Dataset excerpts
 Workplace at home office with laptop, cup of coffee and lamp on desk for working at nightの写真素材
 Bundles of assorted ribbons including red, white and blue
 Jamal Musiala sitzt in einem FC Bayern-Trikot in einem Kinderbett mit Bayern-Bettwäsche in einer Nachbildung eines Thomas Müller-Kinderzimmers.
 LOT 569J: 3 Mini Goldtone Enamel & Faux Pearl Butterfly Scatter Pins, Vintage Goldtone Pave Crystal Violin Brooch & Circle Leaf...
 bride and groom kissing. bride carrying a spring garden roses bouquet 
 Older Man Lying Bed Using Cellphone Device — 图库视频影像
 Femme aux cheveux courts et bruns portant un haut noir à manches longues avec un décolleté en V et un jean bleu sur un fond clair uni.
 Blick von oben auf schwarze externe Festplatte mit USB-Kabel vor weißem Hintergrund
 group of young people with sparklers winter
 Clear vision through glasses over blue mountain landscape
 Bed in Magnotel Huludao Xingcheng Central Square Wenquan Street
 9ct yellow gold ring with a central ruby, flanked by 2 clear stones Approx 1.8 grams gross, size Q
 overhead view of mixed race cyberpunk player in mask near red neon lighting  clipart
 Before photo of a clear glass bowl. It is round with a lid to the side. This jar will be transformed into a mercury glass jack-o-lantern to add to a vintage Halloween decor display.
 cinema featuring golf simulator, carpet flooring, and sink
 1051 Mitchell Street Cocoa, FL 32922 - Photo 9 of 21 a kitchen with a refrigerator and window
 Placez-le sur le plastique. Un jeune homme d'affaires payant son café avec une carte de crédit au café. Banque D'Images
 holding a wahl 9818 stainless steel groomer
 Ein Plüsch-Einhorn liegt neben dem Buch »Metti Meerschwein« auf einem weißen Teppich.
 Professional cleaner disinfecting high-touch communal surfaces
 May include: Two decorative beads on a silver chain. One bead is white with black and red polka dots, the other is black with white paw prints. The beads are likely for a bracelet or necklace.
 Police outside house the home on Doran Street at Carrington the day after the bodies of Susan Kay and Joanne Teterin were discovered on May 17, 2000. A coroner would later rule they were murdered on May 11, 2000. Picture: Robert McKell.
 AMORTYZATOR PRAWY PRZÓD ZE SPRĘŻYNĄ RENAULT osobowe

● Exercise aim:
Set down, word for word, each line from the top of the records above through the line with "Older Man Lying".

● Answer:
 Workplace at home office with laptop, cup of coffee and lamp on desk for working at nightの写真素材
 Bundles of assorted ribbons including red, white and blue
 Jamal Musiala sitzt in einem FC Bayern-Trikot in einem Kinderbett mit Bayern-Bettwäsche in einer Nachbildung eines Thomas Müller-Kinderzimmers.
 LOT 569J: 3 Mini Goldtone Enamel & Faux Pearl Butterfly Scatter Pins, Vintage Goldtone Pave Crystal Violin Brooch & Circle Leaf...
 bride and groom kissing. bride carrying a spring garden roses bouquet 
 Older Man Lying Bed Using Cellphone Device — 图库视频影像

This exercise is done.